Background information
- Born: 26 April 1954 (age 72) London, England
- Occupations: Musician; songwriter;
- Instruments: Guitar; vocals;
- Years active: 1977–present
- Member of: The Hollies
- Formerly of: Cliff Richard Band

= Steve Lauri =

British guitarist (born 1954)

Steve Lauri (born 26 April 1954) is a British guitarist and a member of the rock/pop band The Hollies.

== Early life and education ==
Lauri was born in London. He began performing professionally in the mid-1970s.

== Career ==
Lauri started his working life as an apprentice in the avionics industry with GEC Avionics in Rochester, Kent, but quit to pursue his professional music career. Lauri worked briefly on U.S. Army and Air Force bases in Germany, and then moved on to the London pub circuit. In 1977 he joined pop disco group 5000 Volts, and the group toured the UK, Europe, Scandinavia and South Africa and had two top ten hits while Lauri was with them.

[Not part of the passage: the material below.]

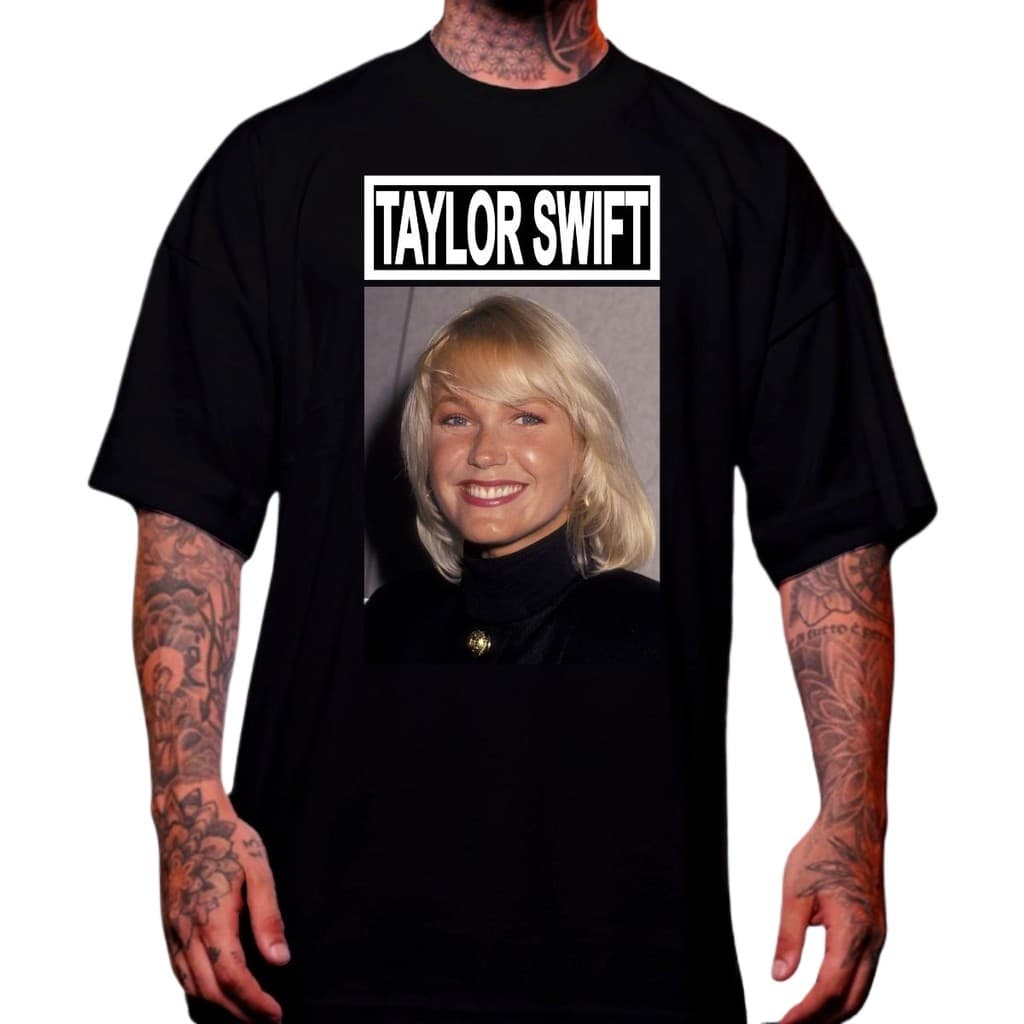 Camiseta Meme Taylor Swift The Eras Tour Parecida Xuxa Engraçada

They also supported the Stylistics on their British tour, including their performance at the Royal Albert Hall.

In 1979, Lauri joined the Bonnie Tyler Band as a singing guitarist, touring Europe and America to promote "It's a Heartache", Tyler's second hit single.

In 1980, Lauri joined Sprinkler, the resident band at The Green Man pub in south east London, where he performed until the mid-1980s, when the band was called upon as session/backing players to the hit group Bucks Fizz. Lauri took part in many UK and European tours with them and was injured in the Bucks Fizz coach crash.

Lauri joined the newly formed Cliff Richard Band in 1987. He toured with Richard for three years, including visits to New Zealand, Australia and Europe, and recorded with the band on the album Thief in the Night. Lauri took part in the concert called The Event at the now demolished Wembley Stadium.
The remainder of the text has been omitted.